This topic is used in the atlas as an entry point into the question Arkoun poses about the modes of production of religious knowledge, and about the limits that institution, language, and the imaginary have drawn for the work of reason within the Islamic field. What is meant here is not issuing a final judgment on tradition, but arranging the materials that show how the epistemic question itself takes shape, and how philosophy, theology, jurisprudence, and history intertwine within it.

This topic appears in more than one of Arkoun’s books. In Islamic Thought: Critique and Ijtihad, critique is tied to the possibility of ijtihad and the renewal of reading tools, and the link between critique, the history of thought, the place of the intellectual, language, and science comes into view. In Where Is Contemporary Islamic Thought? the question advances from the standpoint of the blockage of contemporary thought and the limits of traditional reformism. As for Fundamentalist Thought and the Impossibility of Foundationalization, it connects critique to the closure of the origin and its transformation into an ultimate authority that prevents historical inquiry.

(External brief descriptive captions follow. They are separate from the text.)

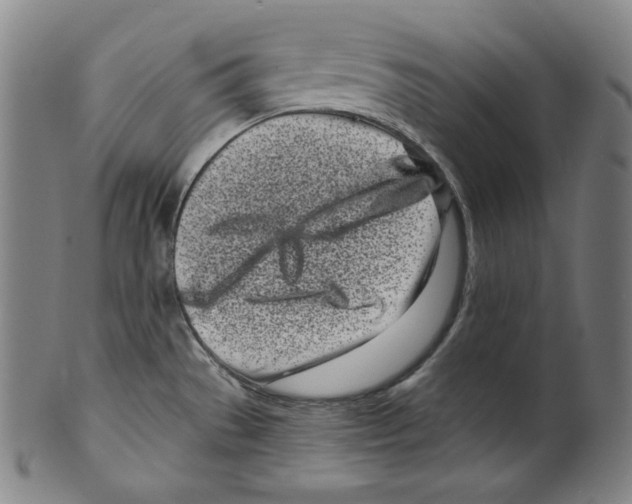 X0000099441529200806061032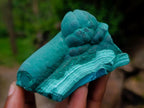 Natural Mixed Collectors Set of 6 African Minerals in a Wooden Display Box x 1 From Southern Africa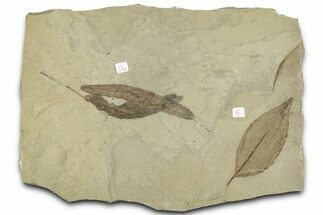 Fossil Leaf Plate - Green River Formation, Utah #325571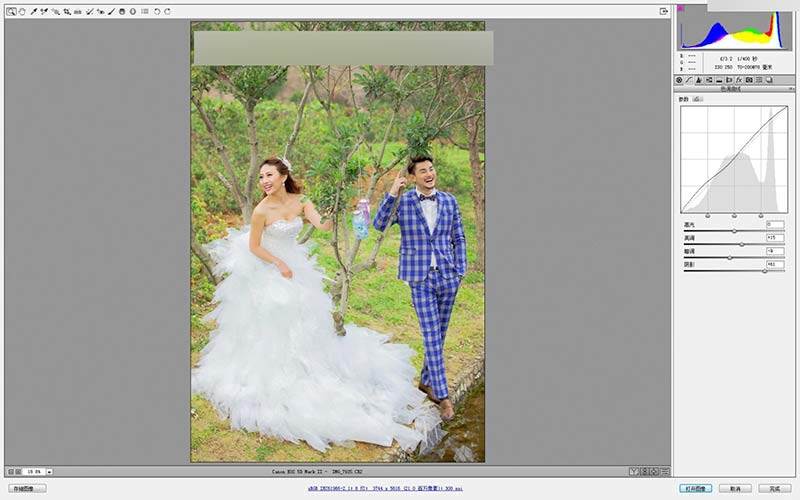Photoshop调出灰蒙蒙外景婚片清新色调,PS教程,思缘教程网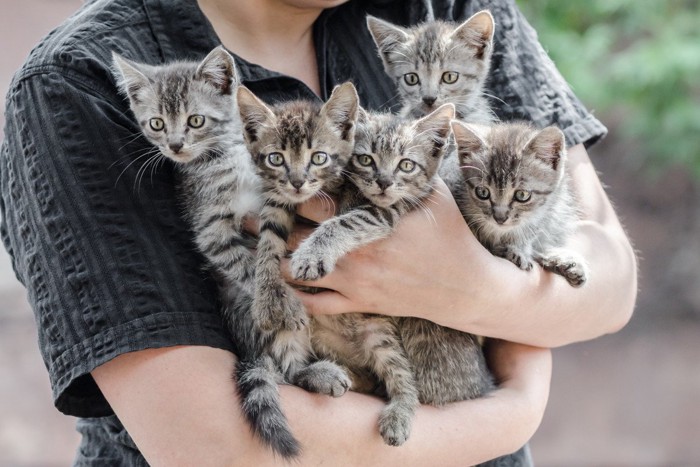 抱かれる5匹の子猫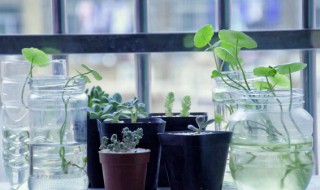 如何让水培植物快速生根啊（什么水可以让植物快速生根）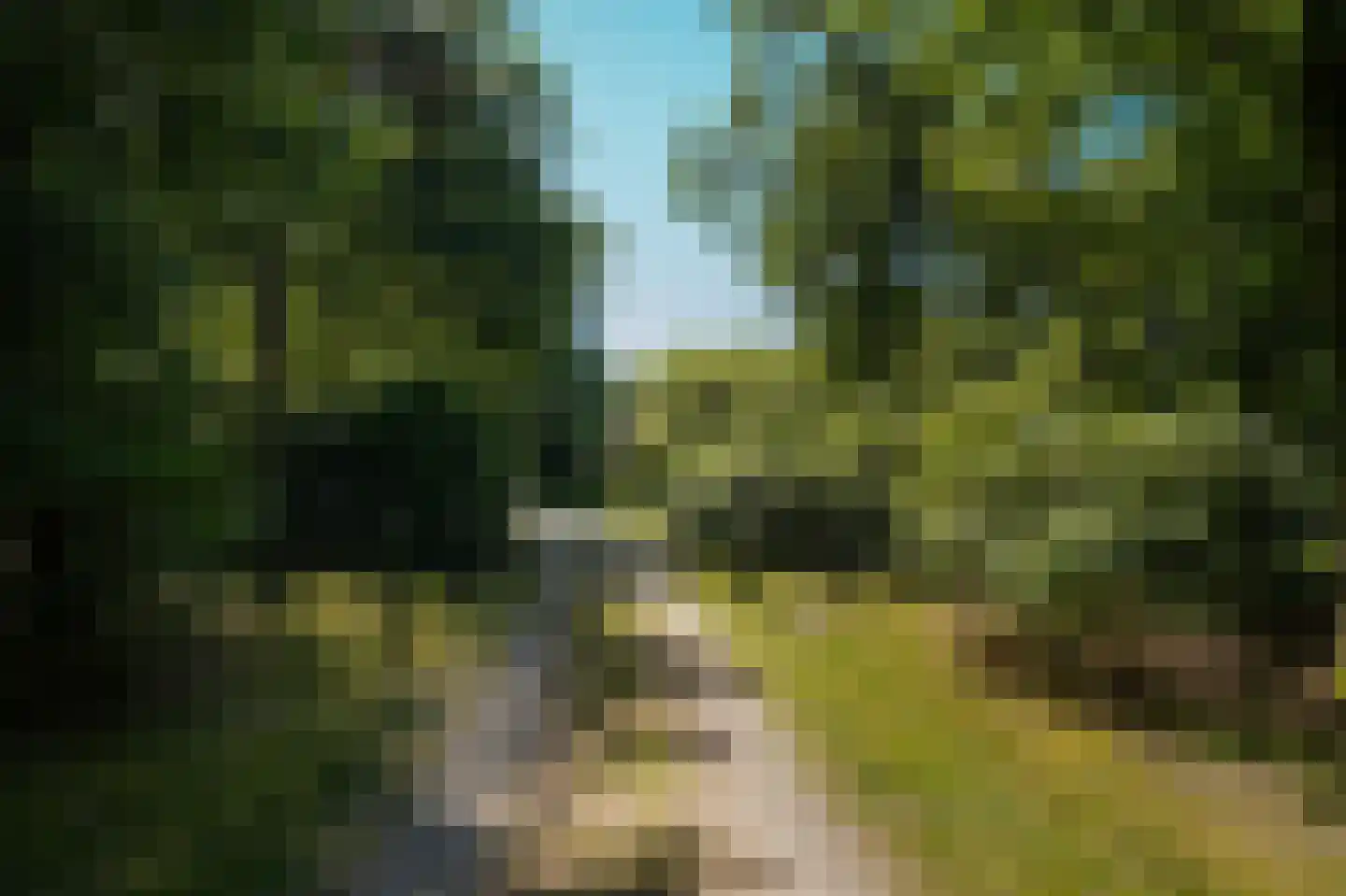 Rijssenseveld 7 Rijssen thumbnail 66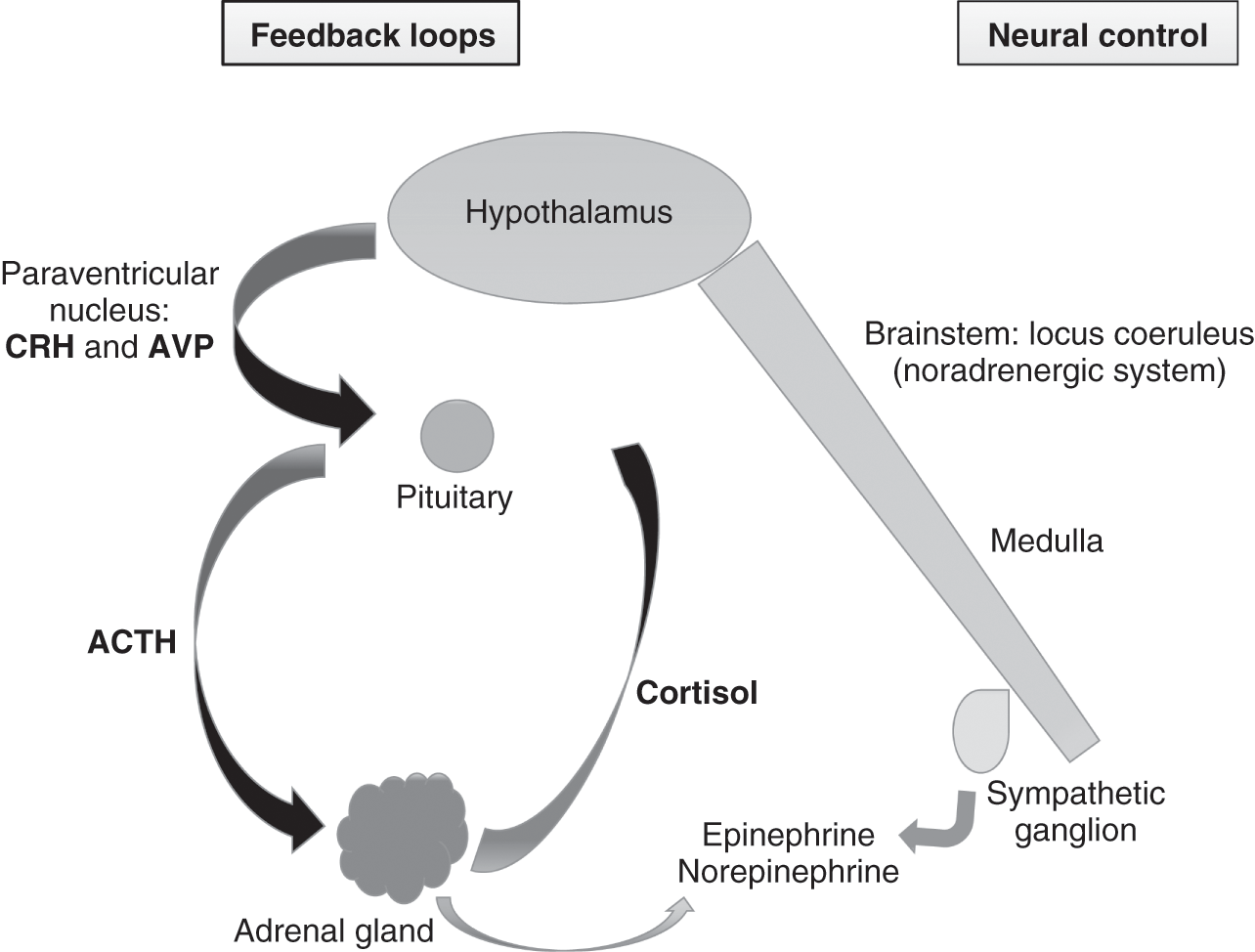 epinephrine and norepinephrine feedback loop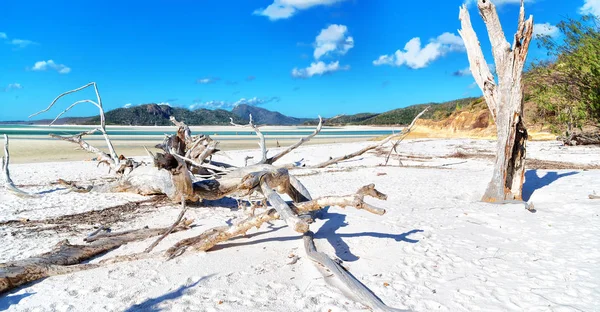 Strand Der Paradise Bay Whitsunday Island Australien — Stockfoto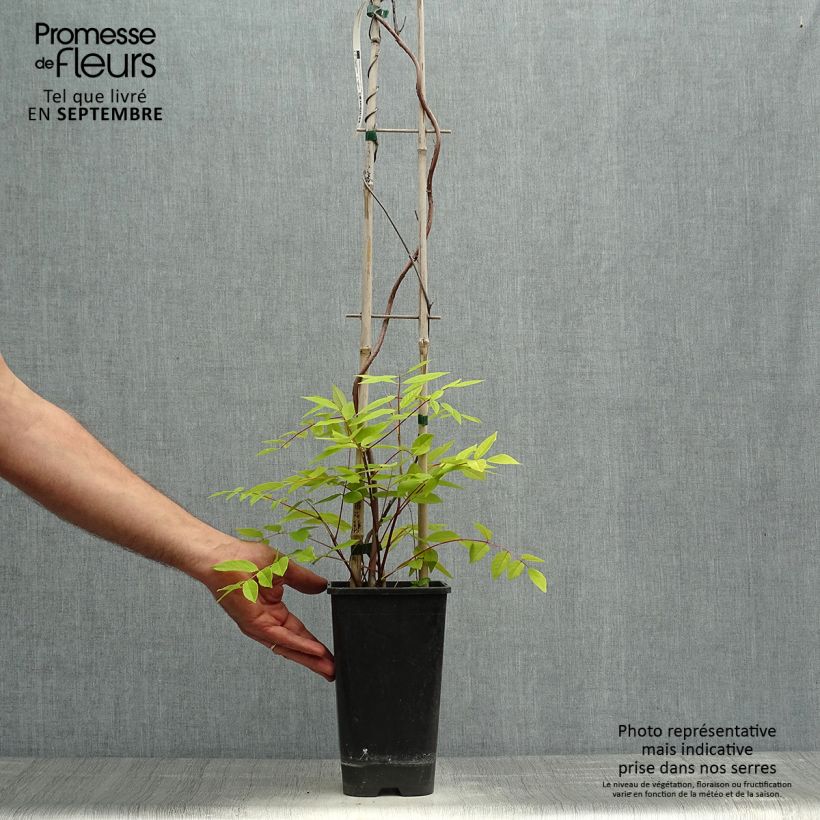 Esemplare di Wisteria frutescens - Glicine americano Vaso da 3L/4L come consegnato in autunno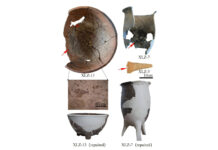 Изобретательность древних людей в приготовлении питательной пищи 5fd18f93-128b-4de1-97ba-8acade808e4a-67db3361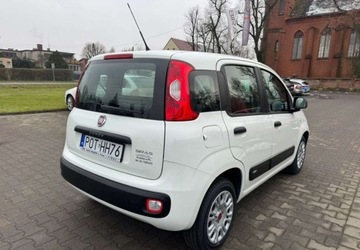 Fiat Panda III Hatchback 5d seria 3 1.2 69KM 2019 Fiat Panda Fiat Panda 1.2 StartampStop Pop 1.2 Benzyna 69KM, zdjęcie 5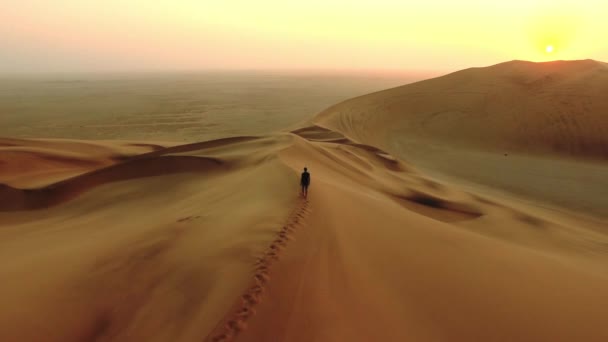 Aerial View Dry Hot Brown Sandy Desert Landscape Namibia Man — Stock videók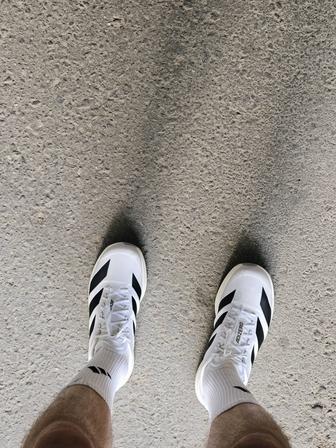 Кроссовки Adidas Adizero EVO SL UK 12.5
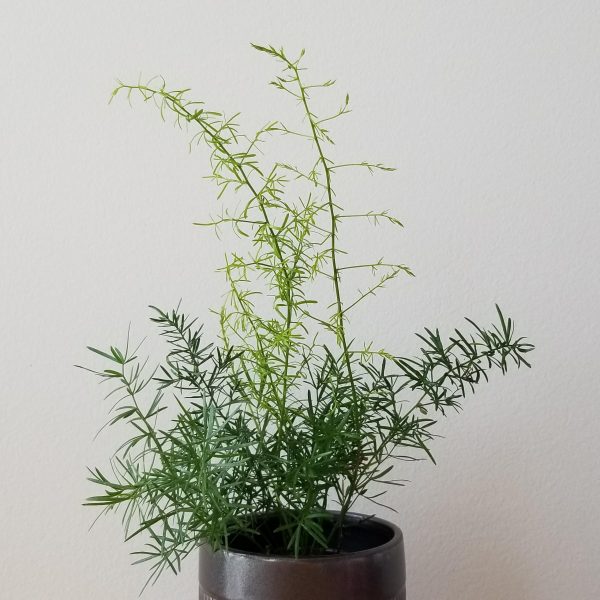 fern asparagus sprengeri in decorative ceramic container air-purifying indoor plants Toronto Mississauga Oakville Markham other GTA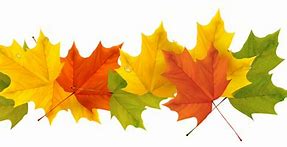 Image result for Fall Leaves Background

The topic takes on a broader dimension in Toward a Comparative History of Monotheistic Religions, where critique is linked to comparison and to the question of the formation of religions in history. It also emerges in Readings in the Qur’an through a reconsideration of the relationship between text, reception, and the historical analysis of discourse.

Nearby topics include Historicity of Text and Discourse, the Unthought, and Applied Islamology, in addition to the concepts critique of reason, power and knowledge, and historicity.

Related reading paths:

This topic helps gather the materials that speak to the renewal of thought, epistemological critique, and the historicity of knowledge, without settling the meaning of Arkoun’s project in a single formula. It is an organizing title for reading a broad network of objections and proposals in Arkoun.